Seth's dad, played by veteran second-string character actor Ron Rifkin, is a federal court judge, so we should be overwhelmed by the irony of finding out that he is very judgmental. As a result, Seth can never do right by him. While Seth is basically a harmless rapscallion or scalawag, his father sees him as a rogue or even a blackguard.

When dad finds out that Seth is a successful entrepreneur in the field of games of chance, he disowns him, sending Seth into a teary voice-over monologue. Seth thus sets out to rehabilitate himself in his father's eyes by signing up with "chop-shop" brokerage firm J.T. Marlin.

J.T. Marlin is basically a late '90s variant on the real-estate scam operation from Glengarry Glenn Ross, with Ben Affleck doing his damnedest to act the Alec Baldwin part from that movie. When the swipes from Glengarry become too obvious for anyone to ignore, one of the characters asks another, "Did you ever see Glengarry Glenn Ross?" as though overtly referencing that movie makes stealing from it OK.

When the script starts to run short on Glengarry references, they switch to Wall Street. When that gets a little obvious, there's a scene with all the brokers watching a videotape of Wall Street while reciting the dialogue Rocky Horror style. It's kind of a schmaltz-imitating-schmaltz moment.

Although the sap factor runs high, there are some thoughtful elements to Boiler Room. The brokers' homes are devoid of decoration, the brokers' suits are standard mobster issue, the brokers use the same deadpan tone whether they're discussing stock futures or romantic relationships.

There's also a lot of racial and ethnic stereotyping, something that Quentin Tarantino seems to have made cool. The brokers are either uptight Jews or violent Italians. When the Italian brokers meet up with a gang of rival brokers, they act like Joe Pesci in Goodfellas and go out of their way to take offense and start a fight. There is something amusing about watching guys in business suits beat the snot out of each other, but there's also something depressing about the way Italians are always portrayed as hoodlums, even when they really are (semi-) legitimate businessman.

When Seth discovers how illegitimate the seemingly legitimate business is, he's put in a conundrum: he's just won his father's respect, and suddenly he's being busted by the F.B.I. and asked to turn state's evidence. Of course, this finally brings about the teary scene where dad explains why he hit Seth on the day of the bicycle accident, but by this point the movie had lost all of its charm.

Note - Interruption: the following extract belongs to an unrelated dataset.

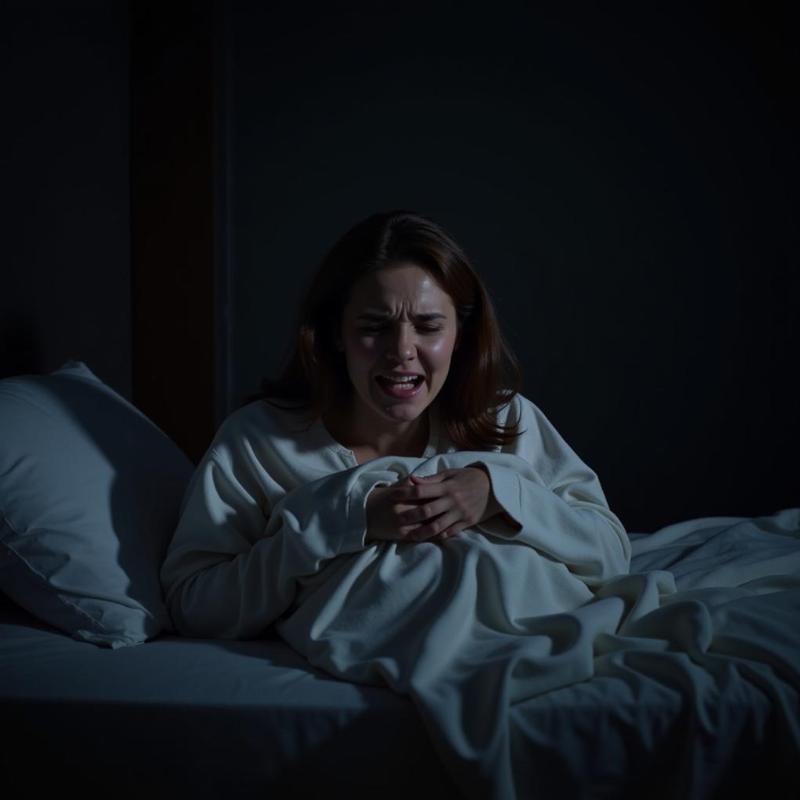 Woman Experiencing Night Terror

It's a shame to see an actor who's as talented as Ribisi stuck in this kind of mediocrity, which is made more amateurish by the incredibly crappy cinematography. There are uneven handheld shots that appear to be accidents rather than stylistic elements, and the whole thing has the grainy look of 16mm film that's been blown up to 35.

Blame should be placed on first-time writer/director Ben Younger, who was fortunate enough to know a number of people in the movie business, and unfortunate enough to have what is essentially a student film released to a wide audience. No doubt the success of such tyro efforts as Blair Witch Project and Spanking the Monkey has created a more open market for directors-in-training, but Boiler Room is the dark underside of this openness: rather than wait for someone to get a little seasoning, distributors are leaping on half-assed efforts in the hopes of finding the next mega-hit. While Boiler Room's bathetic sensibility and faux-hard-edged dialogue has the soulless and calculating sensibility of a Hollywood-manufactured hit, it lacks the polish that makes that kind of thing at least watchable.